* _Try it_:
Among the records below, determine how many lines have the word "Rover" in them; output only the number.
───── Input data ─────
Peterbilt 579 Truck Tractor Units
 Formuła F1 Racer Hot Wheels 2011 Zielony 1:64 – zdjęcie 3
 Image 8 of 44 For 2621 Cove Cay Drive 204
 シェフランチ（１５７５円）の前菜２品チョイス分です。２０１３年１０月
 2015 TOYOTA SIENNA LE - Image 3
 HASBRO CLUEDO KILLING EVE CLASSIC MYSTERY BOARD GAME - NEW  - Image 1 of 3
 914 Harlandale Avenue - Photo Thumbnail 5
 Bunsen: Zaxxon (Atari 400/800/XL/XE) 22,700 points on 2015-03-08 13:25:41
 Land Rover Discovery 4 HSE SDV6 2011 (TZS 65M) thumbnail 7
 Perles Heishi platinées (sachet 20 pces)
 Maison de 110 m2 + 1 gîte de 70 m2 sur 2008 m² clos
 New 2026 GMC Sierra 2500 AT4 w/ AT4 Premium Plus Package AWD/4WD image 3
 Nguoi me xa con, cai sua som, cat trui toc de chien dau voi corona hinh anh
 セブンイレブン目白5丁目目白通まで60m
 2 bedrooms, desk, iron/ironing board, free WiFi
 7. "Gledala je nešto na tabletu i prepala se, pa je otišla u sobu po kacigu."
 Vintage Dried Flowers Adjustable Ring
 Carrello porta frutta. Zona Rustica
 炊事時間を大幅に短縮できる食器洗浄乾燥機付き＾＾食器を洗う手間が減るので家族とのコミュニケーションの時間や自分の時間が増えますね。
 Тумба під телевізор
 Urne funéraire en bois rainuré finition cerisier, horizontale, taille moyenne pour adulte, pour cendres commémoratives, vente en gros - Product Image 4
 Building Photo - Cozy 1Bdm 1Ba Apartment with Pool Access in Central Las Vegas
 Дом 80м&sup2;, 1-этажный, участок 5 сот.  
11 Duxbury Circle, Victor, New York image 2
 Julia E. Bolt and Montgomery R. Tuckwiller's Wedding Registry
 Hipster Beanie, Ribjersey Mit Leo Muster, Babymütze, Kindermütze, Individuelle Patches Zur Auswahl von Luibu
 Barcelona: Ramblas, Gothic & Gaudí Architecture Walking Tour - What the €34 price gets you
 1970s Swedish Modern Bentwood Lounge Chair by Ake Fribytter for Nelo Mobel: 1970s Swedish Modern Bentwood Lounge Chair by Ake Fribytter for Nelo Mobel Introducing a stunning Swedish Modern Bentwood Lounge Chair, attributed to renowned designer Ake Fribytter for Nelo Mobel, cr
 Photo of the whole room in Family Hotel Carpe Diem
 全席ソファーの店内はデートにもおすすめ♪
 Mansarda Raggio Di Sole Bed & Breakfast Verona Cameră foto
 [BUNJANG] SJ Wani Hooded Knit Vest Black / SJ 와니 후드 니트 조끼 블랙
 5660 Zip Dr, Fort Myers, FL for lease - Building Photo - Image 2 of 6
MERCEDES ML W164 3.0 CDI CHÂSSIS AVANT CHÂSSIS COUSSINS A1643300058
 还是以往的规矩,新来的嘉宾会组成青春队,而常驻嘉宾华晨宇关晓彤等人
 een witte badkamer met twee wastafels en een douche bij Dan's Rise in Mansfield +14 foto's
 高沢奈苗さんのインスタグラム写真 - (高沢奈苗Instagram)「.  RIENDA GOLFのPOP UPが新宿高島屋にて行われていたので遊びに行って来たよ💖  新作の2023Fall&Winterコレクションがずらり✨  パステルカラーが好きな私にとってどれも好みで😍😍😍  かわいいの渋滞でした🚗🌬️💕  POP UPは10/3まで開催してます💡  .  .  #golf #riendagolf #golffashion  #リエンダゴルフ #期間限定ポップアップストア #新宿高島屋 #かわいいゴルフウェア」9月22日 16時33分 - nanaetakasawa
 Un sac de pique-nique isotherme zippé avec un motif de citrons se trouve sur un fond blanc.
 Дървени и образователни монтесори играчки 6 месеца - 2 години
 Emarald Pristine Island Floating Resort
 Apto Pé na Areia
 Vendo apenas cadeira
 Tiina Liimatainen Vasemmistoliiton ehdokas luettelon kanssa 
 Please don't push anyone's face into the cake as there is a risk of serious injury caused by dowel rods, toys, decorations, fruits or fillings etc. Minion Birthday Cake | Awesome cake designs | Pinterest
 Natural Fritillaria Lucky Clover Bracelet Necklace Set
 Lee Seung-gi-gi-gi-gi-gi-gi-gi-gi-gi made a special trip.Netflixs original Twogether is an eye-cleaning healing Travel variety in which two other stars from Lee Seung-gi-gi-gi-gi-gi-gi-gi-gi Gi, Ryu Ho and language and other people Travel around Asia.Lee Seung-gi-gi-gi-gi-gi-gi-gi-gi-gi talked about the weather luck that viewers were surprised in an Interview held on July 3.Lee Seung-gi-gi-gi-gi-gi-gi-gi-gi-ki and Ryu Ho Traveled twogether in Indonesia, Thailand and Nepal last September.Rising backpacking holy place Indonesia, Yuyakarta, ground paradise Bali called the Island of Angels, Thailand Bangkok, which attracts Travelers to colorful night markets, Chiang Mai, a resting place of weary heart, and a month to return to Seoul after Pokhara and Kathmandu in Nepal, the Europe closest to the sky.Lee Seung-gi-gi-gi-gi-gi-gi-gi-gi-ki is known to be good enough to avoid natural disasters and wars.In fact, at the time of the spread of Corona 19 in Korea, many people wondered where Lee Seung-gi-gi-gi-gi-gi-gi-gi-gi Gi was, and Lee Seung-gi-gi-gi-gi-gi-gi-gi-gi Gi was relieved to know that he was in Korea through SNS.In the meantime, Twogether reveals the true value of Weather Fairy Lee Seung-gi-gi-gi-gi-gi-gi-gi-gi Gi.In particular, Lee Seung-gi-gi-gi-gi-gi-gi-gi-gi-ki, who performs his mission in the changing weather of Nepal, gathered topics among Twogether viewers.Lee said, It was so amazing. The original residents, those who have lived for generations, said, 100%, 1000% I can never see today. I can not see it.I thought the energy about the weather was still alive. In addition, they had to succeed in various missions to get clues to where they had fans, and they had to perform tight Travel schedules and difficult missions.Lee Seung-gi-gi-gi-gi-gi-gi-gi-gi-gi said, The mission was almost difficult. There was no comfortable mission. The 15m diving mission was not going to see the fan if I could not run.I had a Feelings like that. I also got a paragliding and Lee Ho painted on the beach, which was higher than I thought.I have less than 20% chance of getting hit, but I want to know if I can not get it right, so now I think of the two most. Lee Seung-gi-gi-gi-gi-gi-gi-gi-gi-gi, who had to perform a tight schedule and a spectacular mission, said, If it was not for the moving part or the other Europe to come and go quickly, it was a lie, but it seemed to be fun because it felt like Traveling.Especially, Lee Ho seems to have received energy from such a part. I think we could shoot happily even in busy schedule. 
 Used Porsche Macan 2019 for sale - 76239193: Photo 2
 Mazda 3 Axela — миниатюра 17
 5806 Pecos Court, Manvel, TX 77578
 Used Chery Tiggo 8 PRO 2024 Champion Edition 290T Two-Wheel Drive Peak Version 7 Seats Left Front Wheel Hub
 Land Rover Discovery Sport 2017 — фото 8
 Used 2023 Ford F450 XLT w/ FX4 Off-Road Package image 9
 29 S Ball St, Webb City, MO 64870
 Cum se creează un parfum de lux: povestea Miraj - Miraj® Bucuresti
─────
* _Finished exercise_:
2